═════ Input records ═════

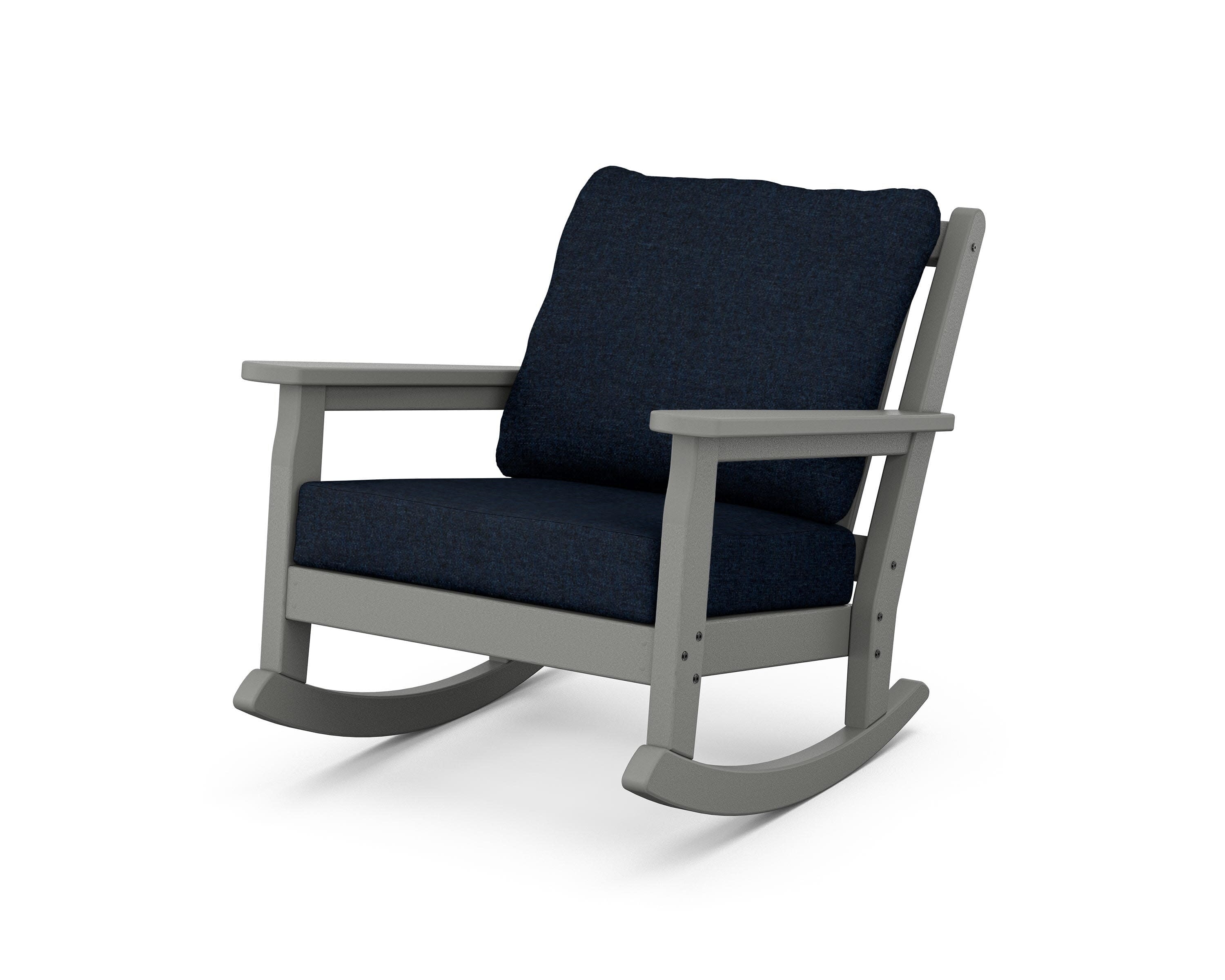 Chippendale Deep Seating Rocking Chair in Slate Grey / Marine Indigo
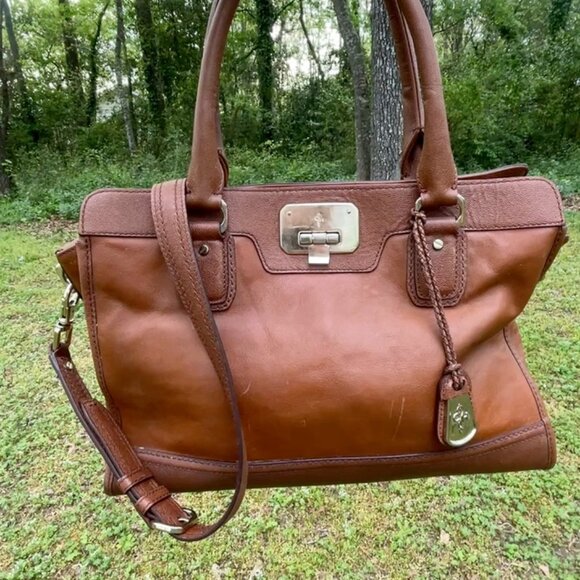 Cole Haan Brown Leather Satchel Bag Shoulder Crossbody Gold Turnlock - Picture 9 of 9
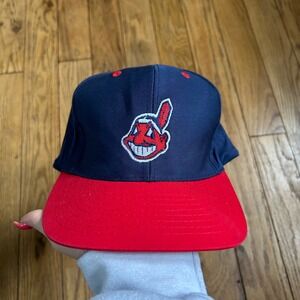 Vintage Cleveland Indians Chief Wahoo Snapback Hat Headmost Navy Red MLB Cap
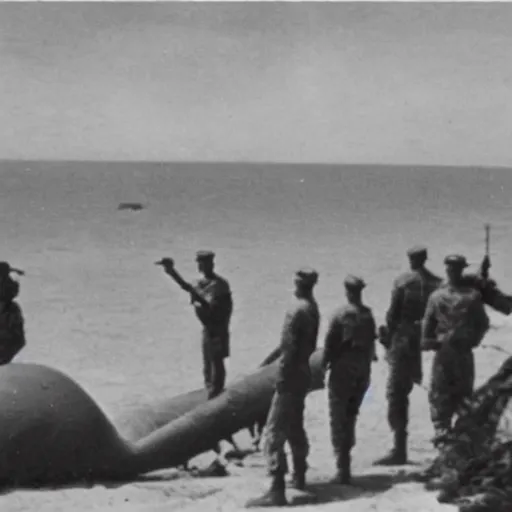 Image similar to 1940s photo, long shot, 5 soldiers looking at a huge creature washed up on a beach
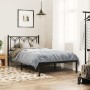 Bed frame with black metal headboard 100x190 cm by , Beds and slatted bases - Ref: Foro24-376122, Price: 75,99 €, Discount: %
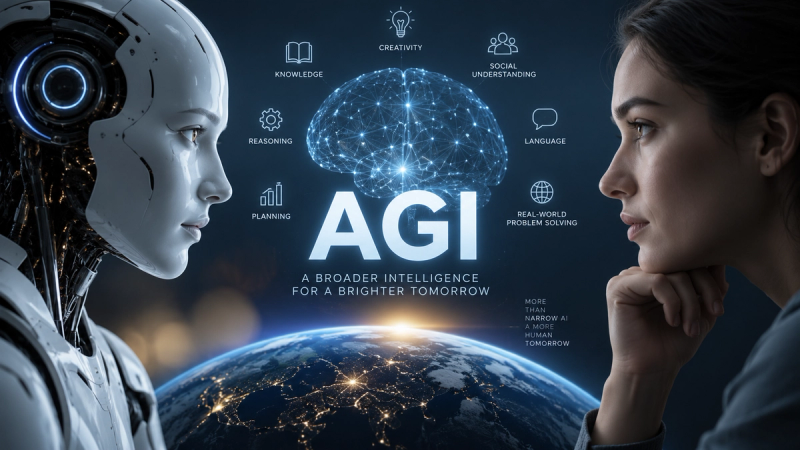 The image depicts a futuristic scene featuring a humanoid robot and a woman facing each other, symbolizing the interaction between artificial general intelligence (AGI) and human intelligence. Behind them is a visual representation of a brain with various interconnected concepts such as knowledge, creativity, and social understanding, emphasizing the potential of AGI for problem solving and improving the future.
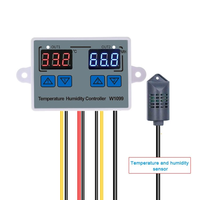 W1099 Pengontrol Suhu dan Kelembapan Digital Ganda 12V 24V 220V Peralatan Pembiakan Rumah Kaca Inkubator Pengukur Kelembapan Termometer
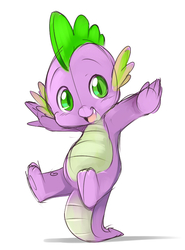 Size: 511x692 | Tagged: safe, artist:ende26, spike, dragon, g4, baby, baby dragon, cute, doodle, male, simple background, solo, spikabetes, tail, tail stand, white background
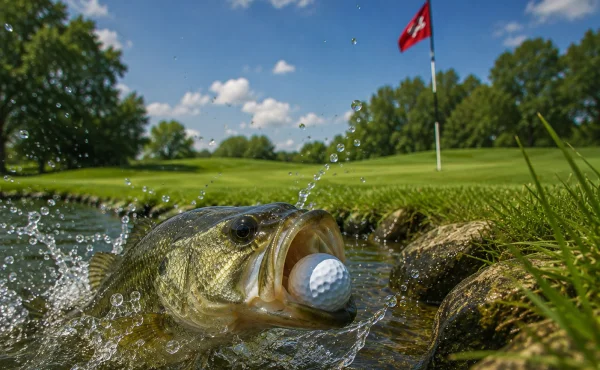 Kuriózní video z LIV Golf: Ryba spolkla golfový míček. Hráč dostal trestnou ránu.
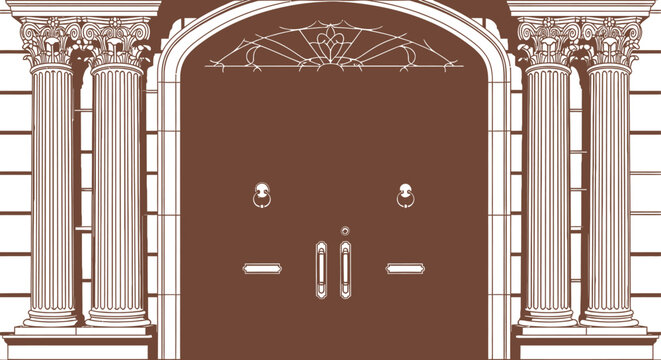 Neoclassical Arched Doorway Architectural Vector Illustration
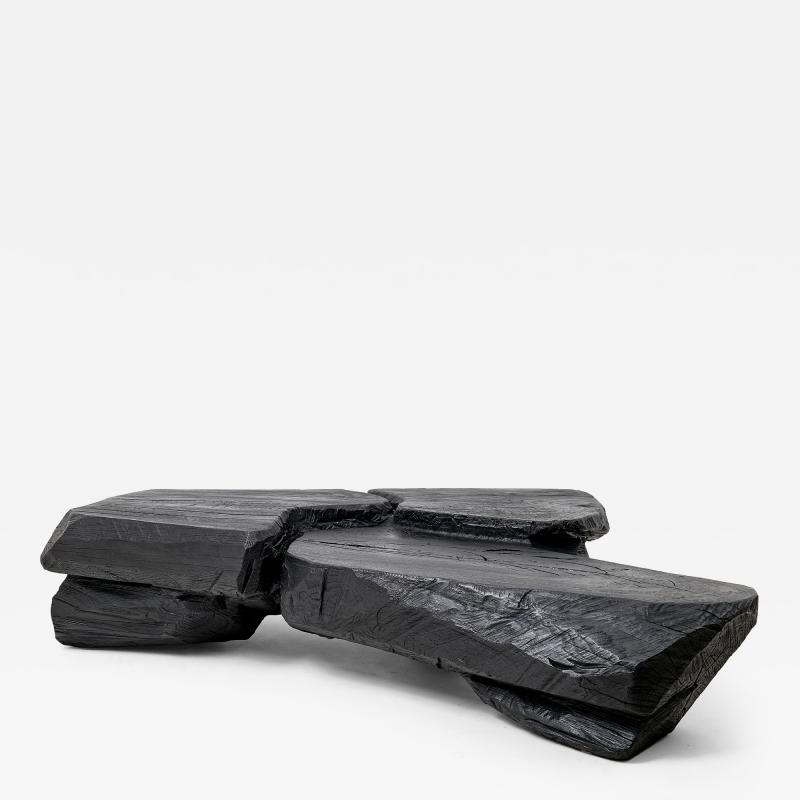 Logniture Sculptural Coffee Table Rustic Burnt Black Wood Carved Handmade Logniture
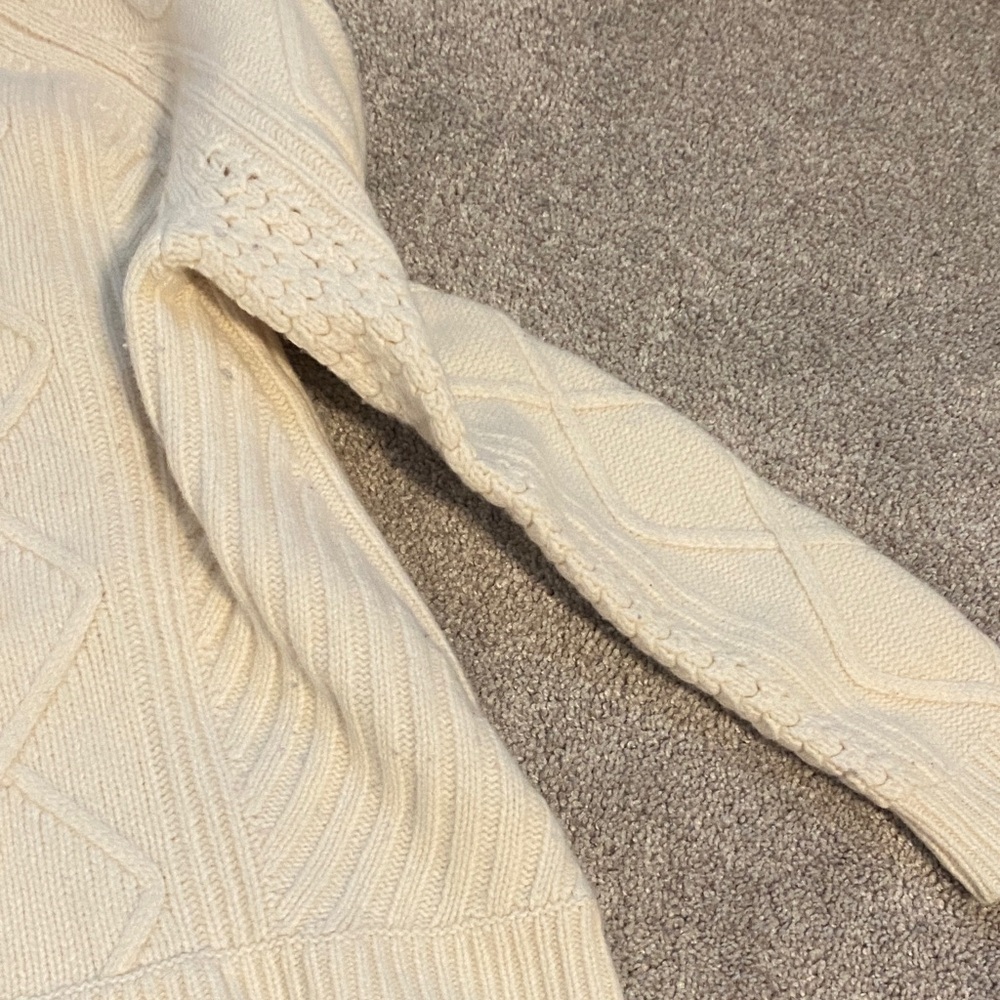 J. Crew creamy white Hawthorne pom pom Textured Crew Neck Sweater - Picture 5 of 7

═════

» **Task statement**: Could you write out exactly the lines running from the one with "Size: 511x692 |" through the last line of the data above, both ends kept, and omit any picture?

» **Exercise result**:
 Size: 511x692 | Tagged: safe, artist:ende26, spike, dragon, g4, baby, baby dragon, cute, doodle, male, simple background, solo, spikabetes, tail, tail stand, white background
 Kuriózní video z LIV Golf: Ryba spolkla golfový míček. Hráč dostal trestnou ránu.
 Neoclassical Arched Doorway Architectural Vector Illustration
 Logniture Sculptural Coffee Table Rustic Burnt Black Wood Carved Handmade Logniture
 J. Crew creamy white Hawthorne pom pom Textured Crew Neck Sweater - Picture 5 of 7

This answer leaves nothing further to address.